Let's `groom` it for TS

In [None]:
auto_server_df['datetime'] = pd.to_datetime(df['Time'])
auto_server_df['data_type'] = 'autoruns:record'
auto_server_df['timestamp_desc'] = 'Entry Recorded'
auto_server_df['message'] = 'AutoRun: [' + auto_server_df['Category'] + ' - ' + auto_server_df['Profile'] + '] ' + auto_server_df['Image Path']

auto_server_df.head(3)

And upload (using the same method as before)

In [None]:
sketch = ts_client.get_sketch(SKETCH_ID)
import_helper = helper.ImportHelper() 

with importer.ImportStreamer() as streamer:
  streamer.set_sketch(sketch)
  streamer.set_config_helper(import_helper) 

  streamer.set_timeline_name('autoruns_citadel_dc01_w_time')

  streamer.add_data_frame(auto_server_df[~auto_server_df.datetime.isna()].copy())

Now we've got both autoruns in there

## Plaso Files

Let's in the plaso files, using:

```shell
$ timesketch_importer --sketch_id 6 20200918_0417_DESKTOP-SDN1RPT.plaso 
```

or using the importer client in colab

In [None]:
DESKTOP_PATH = '20200918_0417_DESKTOP-SDN1RPT.plaso' #@param {type: "string"}
SERVER_PATH = '20200918_0347_CDrive_new.plaso' #@param {type: "string"}


In [None]:
sketch = ts_client.get_sketch(SKETCH_ID)
import_helper = helper.ImportHelper() 

with importer.ImportStreamer() as streamer:
  streamer.set_sketch(sketch)
  streamer.set_config_helper(import_helper) 

  streamer.set_timeline_name('desktop-sdn1rpt.plaso')
  streamer.add_file(os.path.join(PATH_TO_FOLDER, DESKTOP_PATH))

In [None]:
sketch = ts_client.get_sketch(SKETCH_ID)
import_helper = helper.ImportHelper() 

with importer.ImportStreamer() as streamer:
  streamer.set_sketch(sketch)
  streamer.set_config_helper(import_helper) 

  streamer.set_timeline_name('dc1_plaso')
  streamer.add_file(os.path.join(PATH_TO_FOLDER, SERVER_PATH))

## PCAP Files

Another important factor in the challenge are the provided PCAP files. We need to get them checked into TS.

Let's start parsing them. There are essentially two different methods of doing so:

1. Using Wireshark to do the parsing and work with a CSV file
2. Parse the PCAP file using python libraries and use that.

Let's explore both options.

### Wireshark Route

Wireshark has a neat feature to export a set of packages or all packets into various other formats. This also includes CSV. As Timesketch is able to handle CSV data, this is worth an attempt.

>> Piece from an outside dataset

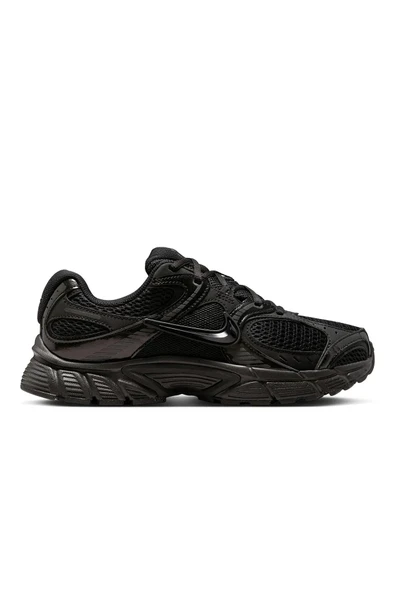 Nike V5RNR HQ7901-001 Siyah Kadın Günlük Spor Ayakkabı ürün görseli 1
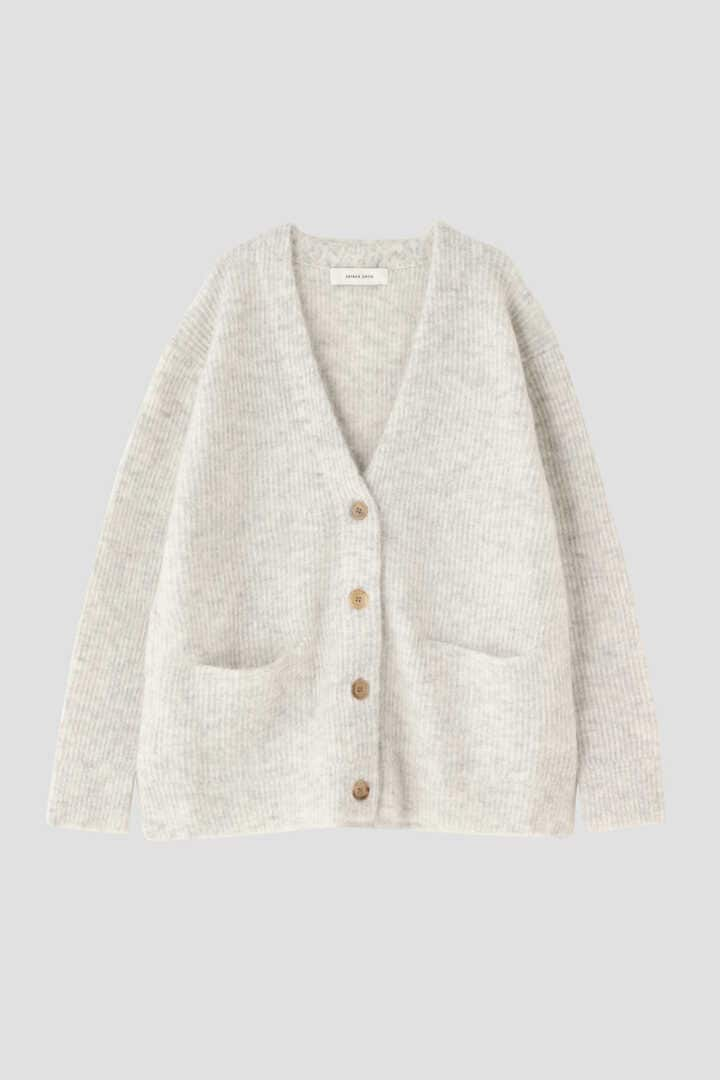 SAYAKA DAVIS / Mohair Cardigan14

To export packets to csv use:

```Wireshark → File → Export Packet Dissections```

And choose CSV.

The exported CSV will include all displayed columns. One thing to note here is that the time by default is relative to the first packet in the capture. You need to adjust that. 

Go to:

```Wireshark → View → Time Display Format```

And select ```UTC Date and Time of the Day```

To learn more about Time settings in Wireshark, visit wireshark.org

The now exported CSV looks promising. Some things need to be adjusted like the datetime column name and the format, but we already know how to do that from the autoruns csv file.


In [None]:
# @markdown Change the path to what fits on your system.
PCAP_CSV_PATH = 'all_packets.csv' #@param {type: "string"}

In [None]:
pcap_df = pd.read_csv(
    os.path.join(PATH_TO_FOLDER, PCAP_CSV_PATH),
    encoding='utf-8', parse_dates=False)

pcap_df.shape

#### Modify DataFrame

Now let's rename fields and add other fields to make it work better for Timesketch.

In [None]:
pcap_df.head(3)

Now we've got a general idea about how the data looks like, so we can change it.

In [None]:
# convert the 'Date' column to datetime format 
pcap_df['Time']= pd.to_datetime(pcap_df['Time']) 
pcap_df['data_type'] = 'pcap:wireshark:entry'
pcap_df['timestamp_desc'] = 'Time Logged'
pcap_df['source_short'] = 'LOG'
pcap_df['source'] = 'Network'
pcap_df['message'] = '[' + pcap_df['Protocol'] + '] ' + pcap_df['Info'] + ' (' + pcap_df['Source'] + ':' + pcap_df['src port'].astype('str') + ' -> ' + pcap_df['Destination'] + ':' + pcap_df['DST port'].astype('str') + ')'

pcap_df = pcap_df.rename(columns={'Time': 'datetime'})

pcap_df.info()

Let's look at the data frame now

In [None]:
pcap_df.head(3)

Adjust ports

In [None]:
pcap_df['DST port'] = pcap_df['DST port'].astype(pd.Int32Dtype())
pcap_df['src port'] = pcap_df['src port'].astype(pd.Int32Dtype())

pcap_df.head(3)

#### Upload CSV

Now we can upload the data to TS

In [None]:
sketch = ts_client.get_sketch(SKETCH_ID)
import_helper = helper.ImportHelper() 

with importer.ImportStreamer() as streamer:
  streamer.set_sketch(sketch)
  streamer.set_config_helper(import_helper) 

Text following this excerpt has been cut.